The protagonist, an unnamed young boy. The setting, a dark, surreal, and dangerous landscape filled with mauling dogs, maniacal scientists, body-exploding sound waves, and water-breathing sirens. The 2.5D adventure begins with the protagonist trudging through the darkness, falling down hills and slogging through shallow pools of fetid water. The setting only increases in tension as the game progresses. Destroyed buildings, decaying forests, and massively intimidating factories are all in store for our brave young boy.
The art direction and graphics are simply beautiful, reminding me of the classic Batman: The Animated Series title cards displayed before episodes begin. Dark grays and blacks permeate every inch of Inside, but it is still easy to see what is happening on screen. The atmosphere is palpable, with danger lurking around every corner and taking new and interesting shapes every several minutes. The lack of background music only adds to the wonder and surreal aesthetic, while sound effects for actions and the occasional cue punctuate the mood.

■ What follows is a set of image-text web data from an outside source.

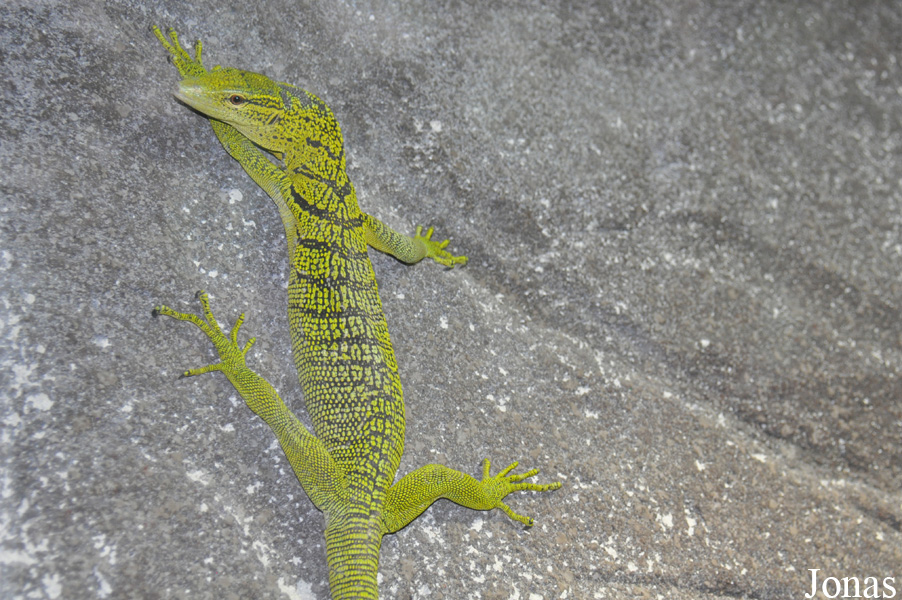 Varanus reisingeri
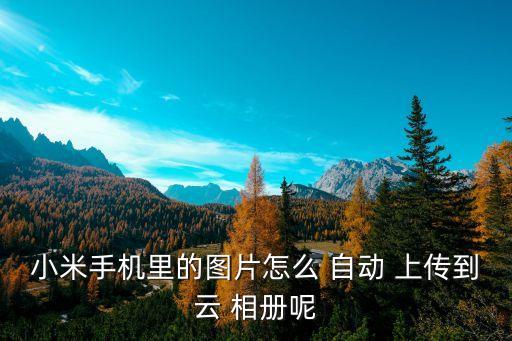 小米手機(jī)里的圖片怎么 自動(dòng) 上傳到云 相冊(cè)呢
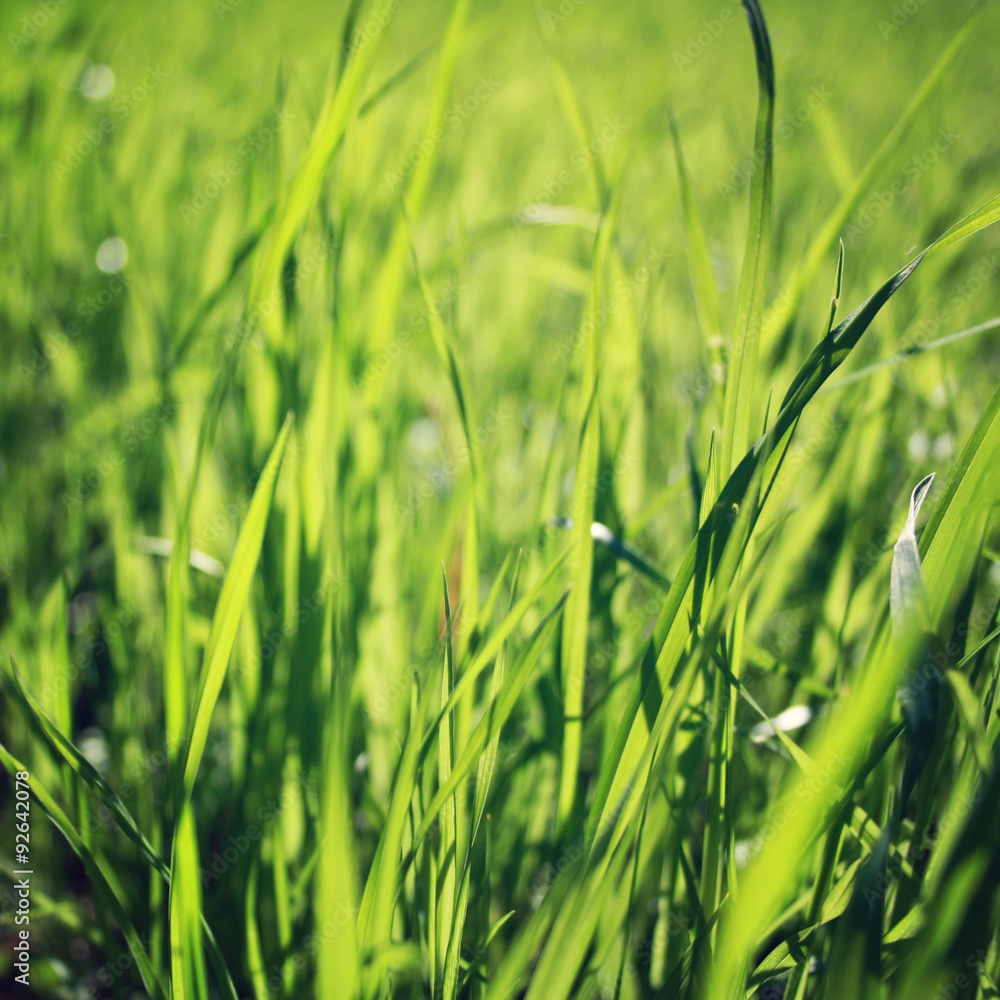 Obraz premium Spring Grass on the field. Closeup. Vintage photo.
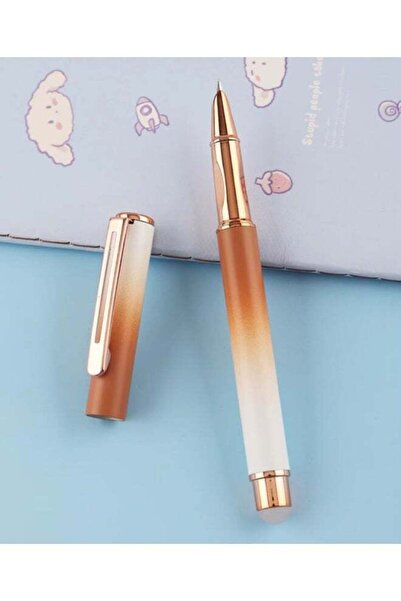 ViViRaSmi Fountain Pen, Multi-Coloured Calligraphy Pen with Fine Nib and Ink ...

Along with the ever shifting dangers of this macabre world, the gameplay mechanics change and adapt in stride. While the types of puzzles and challenges the young boy faces can be attributed to two basic concepts of timing and simple physics, the way they are delivered varies. For instance, early in the game it is practiced to push and pull objects in order to reach higher or farther vantages. Later, it is expounded upon with additional methods of solving puzzles like pushing a hanging log to the right position, setting off a propelled block, jumping to hit a button to activate something else, while making it back to the objective before the cycles end. The change in gameplay mechanics and ways to lose your life keep the game fresh and it never feels like you’re just doing the same thing over and over.
My favorite part of the game takes place in an area that requires 19 people to stand on a pressure plate to unlock a gate. This is accomplished by using the mind control helmets scattered about the world to manipulate the brain dead people that stand around like lifeless androids. Utilizing their help, the young boy can accomplish tasks he couldn’t before such as pulling or pushing heavier objects, getting a jump boost by being propelled by his mind-controlled crowd, or land safely from a fall that would have normally killed him by landing in their arms.

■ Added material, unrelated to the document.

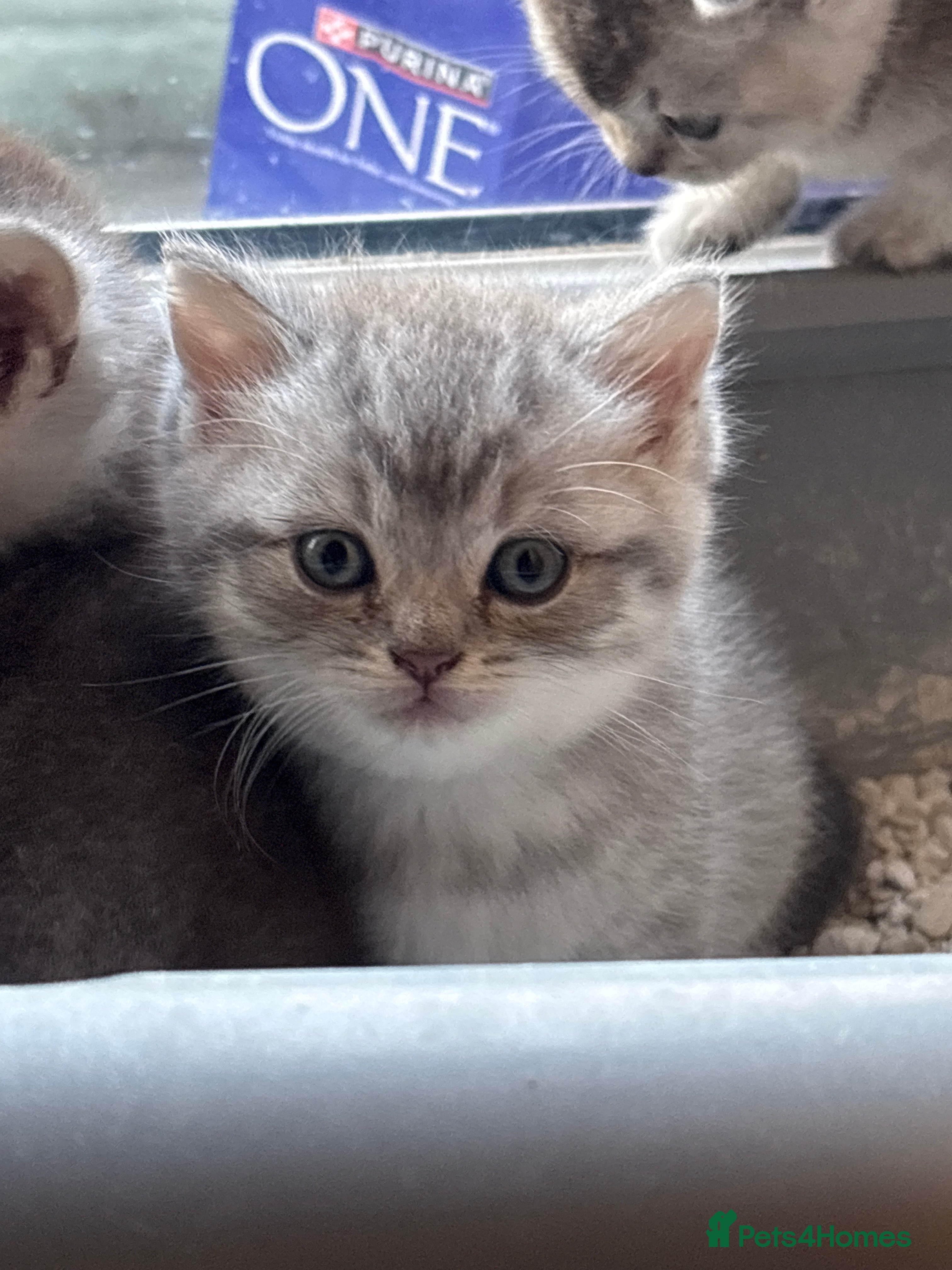 British Shorthair Kitten 3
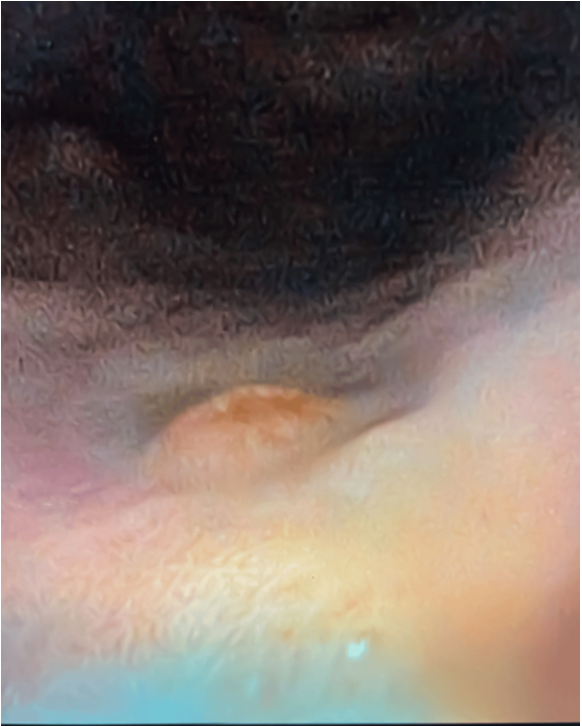 8e31c0d9f072e.png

While Inside is now almost two years old, the port to the Switch is nothing but spectacular. While playing through the game in the couple of hours it provides, the game ran smoothly. There were no hiccups or glitches or bugs of any sort. There is a big advantage to playing the title on the big screen with the Switch in the dock, however. I felt the image and art was better represented on the television rather than the Switch screen itself. This doesn’t take away from the fact that the natively running hardware isn’t pretty to look at, it definitely is, but there is a noticeable difference when comparing the two options.
While the game is short, the journey is worth it. The art is breathtaking and the gameplay is fun and unique, with some puzzles and enemy encounters that might make you think for a minute before a successful solution or escape. There are several hidden glowing orbs in hard to reach places that can trigger the alternate ending if all are found in a single playthrough. This is a welcome addition, but the immediate replay value is still pretty low for Inside. That being said, this title is a great revisit every couple of years for the art and presentation alone. Once the adventure has been experienced, you’ll be thinking about it constantly, which is enough to warrant a purchase, especially if you have never experienced Playdead’s fantastic title.